I don’t remember any other teen magazine editors from the time, but I remember Atoosa Rubenstein. If you’re a millennial who grew up reading these magazines, you probably do too: the giant cloud of black hair, the endless positivity, the dorky childhood photos she shared alongside her legendary editor’s letters. There’s a reason she’s the only teen magazine editor, to my knowledge, who has a thriving Instagram nostalgia account named for her.
As the myth goes, Rubenstein founded CosmoGirl, a teen spinoff of Cosmopolitan, at 26—it was her stroke of genius to write “girl” in lipstick on the logo—making her the youngest editor in chief in Hearst’s history. After a few years there, she was promoted to its corporate sister Seventeen, where her fame only grew: She got an MTV reality show, was a judge on America’s Next Top Model, and was even parodied on Saturday Night Live (Maya Rudolph played “Anoosa Rosenfeld”).
Anyone at that time might have expected her to remain a Wintour-like magazine idol for life. But that’s not what happened. Instead, Rubenstein suddenly left Seventeen after three years at the helm. She all but disappeared, shocking her fans and the industry. She became the kind of person, increasingly rare in the Instagram age, about whom people sometimes asked, “Whatever happened to … ?”
As I grew up and started to work in magazines myself, I often wondered about Rubenstein—until this past May, when she reemerged, nearly 15 years later, with the very 2021 announcement that she was joining the newsletter platform Substack. To recall another aughts teen touchstone, the day this news arrived felt to me like the very first scene of the original Gossip Girl pilot: Serena, Gossip Girl declared, was back, and the Upper East Side was abuzz. The Atoosa was back. Only there was no Gossip Girl to announce it—Rubenstein did that herself on Instagram. And the Atoosa mythology was exactly what she wanted to talk about: “I will turn the lights on some of the dark shit that was really going on in my life when I was ‘Atoosa at Seventeen,’ ” she promised in her Instagram announcement, irresistibly.
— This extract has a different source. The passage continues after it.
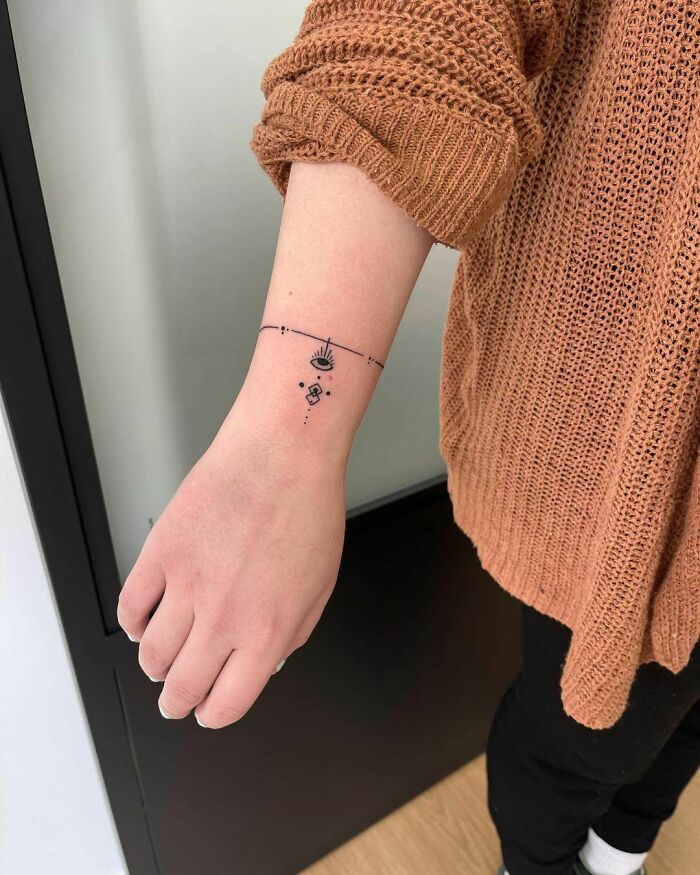 Minimal wrist tattoo design on person wearing a brown sweater.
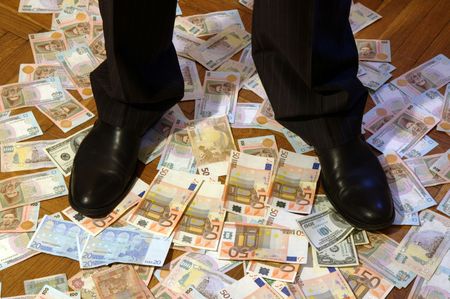 A man is standing on the cash moneyの写真素材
And so one summer day I found myself in front of her tony apartment building on Manhattan’s Upper West Side, where we had planned to meet to discuss her return to media. Outside the door, I felt like a teenager collapsing into the pages of Seventeen again: giddy, intimidated, second-guessing the stupid skirt I decided to wear, nervous a Trauma-rama might befall me at any moment.
When I got inside, this feeling proved both silly and warranted. “I don’t think anybody reads magazines anymore. It’s not a nice thing to say, but it’s true—there’s nothing in there that rocks your world anymore, at least not my world,” Rubenstein declared to me early on. In Rubenstein now, I found a woman whose gift for telling a great story (often, yes, about herself) is still very much alive—and who saw me, one of her grown CosmoGirls, as both an opportunity and maybe a little bit of a threat. Before our time together ended, I’d be startled to find myself in one of her Substack letters, and I’d get a proper lesson in what it really meant to cultivate a legend that riveted and then mystified a generation of girls.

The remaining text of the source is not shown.